• _RECORDS SHOWN_
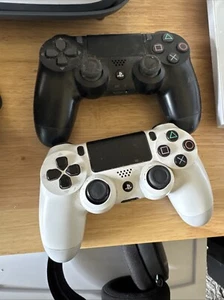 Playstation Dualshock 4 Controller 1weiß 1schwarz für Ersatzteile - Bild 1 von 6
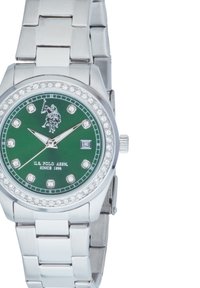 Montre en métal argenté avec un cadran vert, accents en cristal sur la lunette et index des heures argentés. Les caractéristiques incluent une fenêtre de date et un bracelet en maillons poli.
==
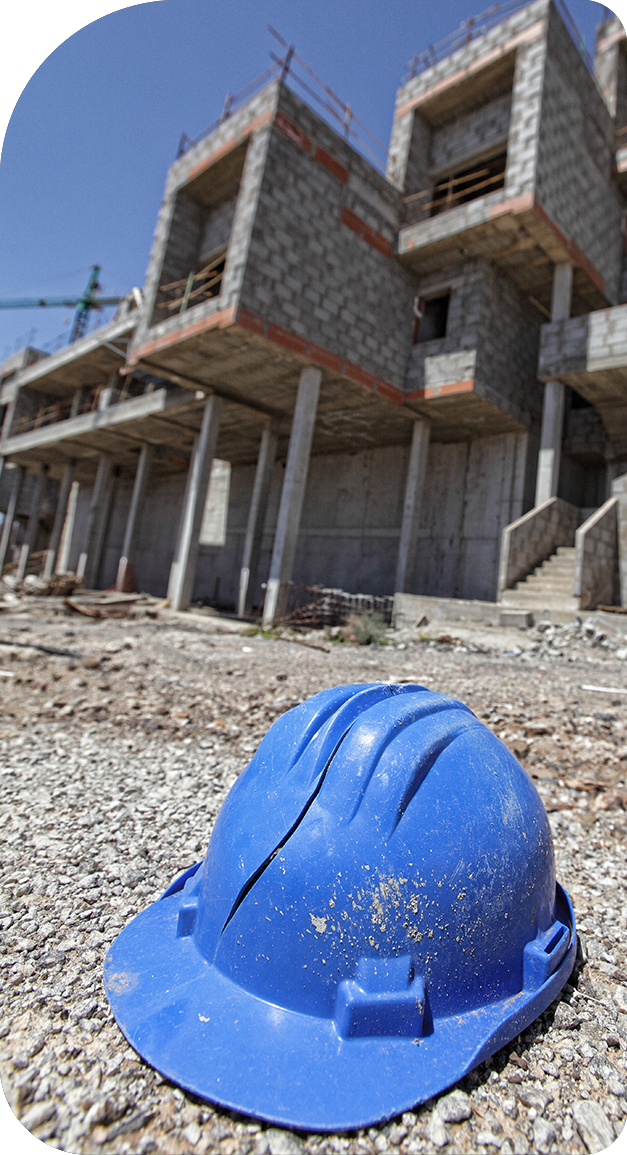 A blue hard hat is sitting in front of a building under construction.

• _WORK ITEM_
The lines to copy exactly start with the line above that has "Playstation Dualshock 4" and go on through the line that has "Montre en métal"; please include both, add nothing else, and omit the pictures.

• _EXERCISE RESPONSE_
 Playstation Dualshock 4 Controller 1weiß 1schwarz für Ersatzteile - Bild 1 von 6
 Montre en métal argenté avec un cadran vert, accents en cristal sur la lunette et index des heures argentés. Les caractéristiques incluent une fenêtre de date et un bracelet en maillons poli.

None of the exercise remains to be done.